Rezension: Von der Nacht verzaubert von Amy Plum

 Von der Nacht verzaubert
 (Bd.1)
 Autor: Amy Plum
 erschienen April 2012
 Verlag: Loewe
 ISBN: 978-3-7855-7042-5
(c) Loewe-Verlag

gefühlvolle Geschichte mit sympathischen Protagonisten

Nach dem Tod ihrer Eltern zieht die 16-jährige Kate zusammen mit ihrer Schwester Georgia aus den USA zu den Großeltern nach Paris. Der Teenanger ist todunglücklich und schottet sich immer mehr von ihrer Umwelt ab. Erst die zufällige Begegnung mit dem gutaussehenden, mysteriösen Vincent führt sie langsam zurück ins Leben – bis sie erfährt, dass Vincent nicht der ist, für den sie ihn gehalten hat. Kate wird in einen Jahrhunderte währenden Krieg hineingezogen. Statt ihre Liebe zu genießen, schwebt sie plötzlich in großer Gefahr...

Leider, leider, leider hatte ich damals zu erscheinen des Buches eine Leseprobe gelesen, die in der Mitte des Buches ansetzte. Dadurch wusste ich bereits, was Vincent ist und die Spannung, die sich eigentlich um diesen mysteriösen Jungen in den ersten Seiten aufbauen müsste, kam daher nicht auf.
Das hat mein Lesevergnügen allerdings nur minimal geschmälert.
Kate war mir direkt sympathisch. Aus der Ich-Perspektive erzählt die junge Frau, wie sie nach dem schmerzlichen Schicksalsschlag weiterzuleben versucht. Im Gegensatz zu ihrer Schwester, die sich ins Pariser Nachtleben stürzt, sucht Kate die Einsamkeit, um das erlebte zu verarbeiten, Dabei schildert sie sehr gefühlvoll ihre Gedanken und der Leser kann sehr anschaulich die Entwicklung nachvollziehen, die nach der Begegnung mit Vincent einsetzt: Natürlich ist Kate weiterhin traurig, aber sie beginnt wieder, sich zu öffnen und auch positive Dinge wahrzunehmen.

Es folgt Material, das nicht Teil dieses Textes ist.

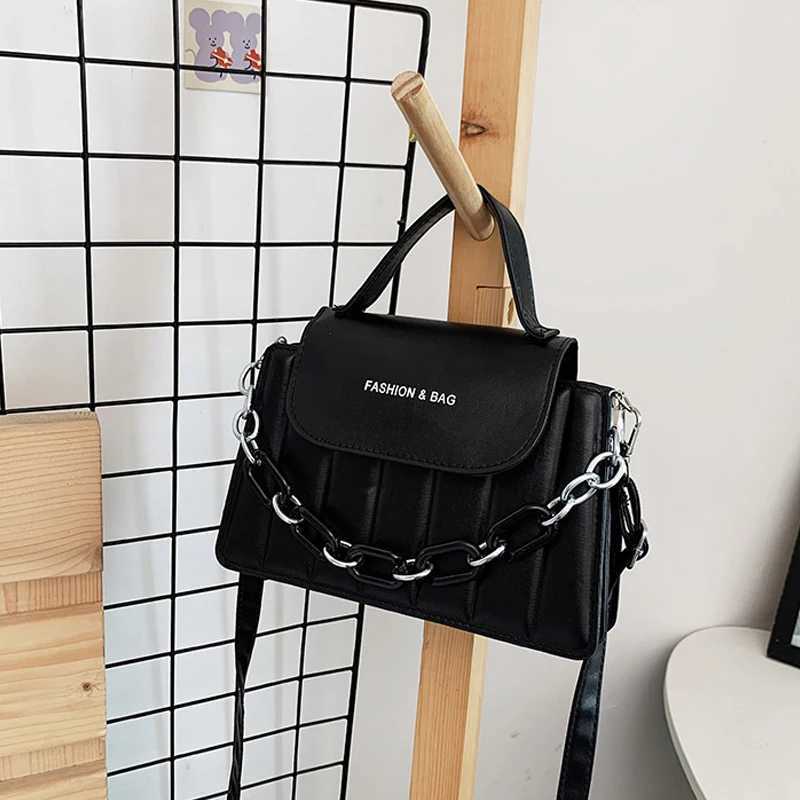 Fashion daily clutch bag chain flip wallet womens shopping shoulder bag wrinkled leather classic handbag red handbag Y250315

Sehr schön sind auch die anschaulichen Beschreibungen, denn nicht nur die Gefühle werden sehr detailliert dargestellt, auch die Handlungsorte in Paris sind sehr bildhaft beschrieben.
Es gibt viele sehr unterschiedliche Figuren, die jeweils vielseitige ausgearbeitet sind.

Die Handlung ist zunächst nicht in dem Sinne spannend, dass viele dramatische Ereignisse passieren, sondern es sind vor allem die zwischenmenschlichen und inneren Konflikte und Gefühlsentscheidungen, die den Leser an die Geschichte binden.
„Echte“ Spannung kommt zum Schluss allerdings auch noch auf und so gibt es im Kontrast zu den vielen sehr emotionalen Szenen auch noch ein wenig Action.

Die Geschichte ist in sich halbwegs abgeschlossen, bietet aber noch viel Raum für die Fortsetzungen.

Fazit:
„Von der Nacht verzaubert“ ist ein gefühlvoller Auftaktband, der mit einem angenehmen Schreibstil und facettenreichen Figuren überzeugen kann. Die Idee der Geschichte ist total interessant. So schön die gefühlvollen Passagen auch waren, hätte die Handlung aber manchmal etwas mehr Tempo und Dramatik vertragen.